MATERIAL PROVIDED Start Marker

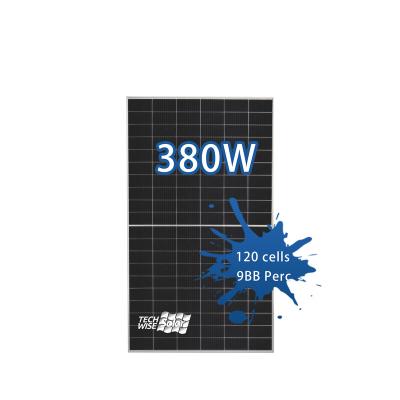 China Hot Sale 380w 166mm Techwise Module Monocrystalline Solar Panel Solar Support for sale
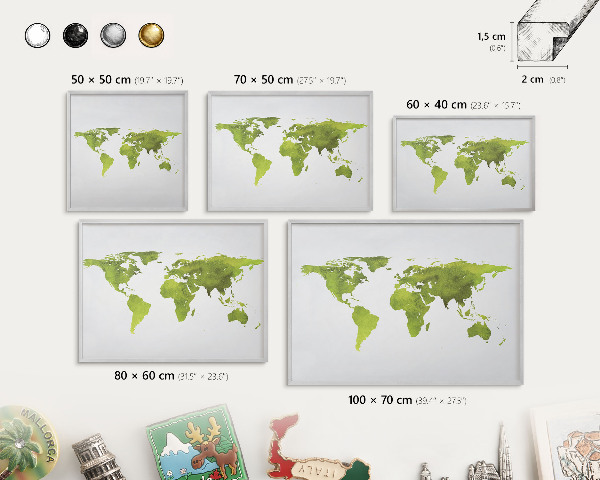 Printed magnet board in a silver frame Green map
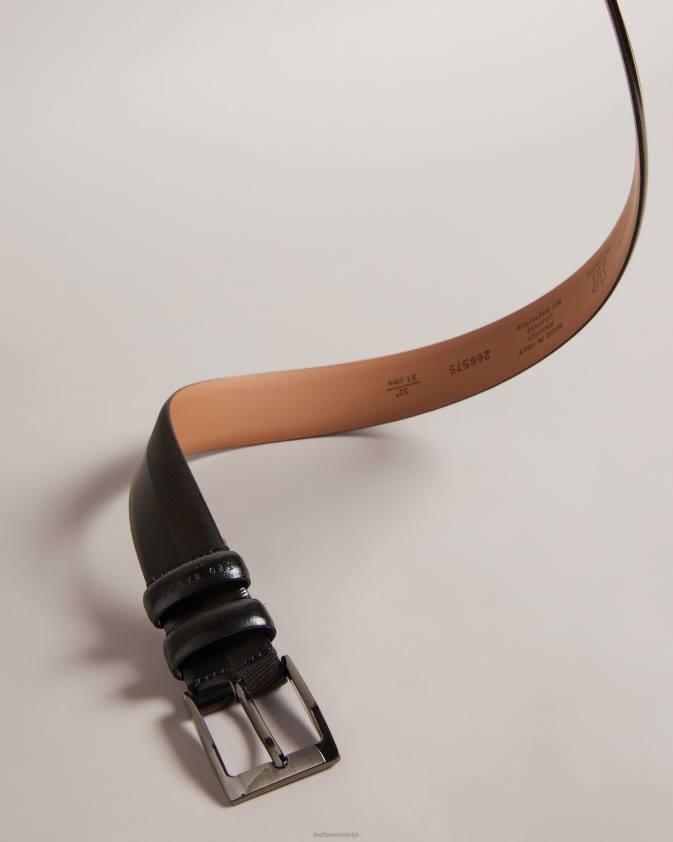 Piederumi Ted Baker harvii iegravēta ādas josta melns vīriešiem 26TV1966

MATERIAL PROVIDED End Marker

▶ PROMPT:
Where a picture appears in the listing above, skip it and set down all the rest exactly.

▶ ANSWER BELOW:
 China Hot Sale 380w 166mm Techwise Module Monocrystalline Solar Panel Solar Support for sale
 Printed magnet board in a silver frame Green map
 Piederumi Ted Baker harvii iegravēta ādas josta melns vīriešiem 26TV1966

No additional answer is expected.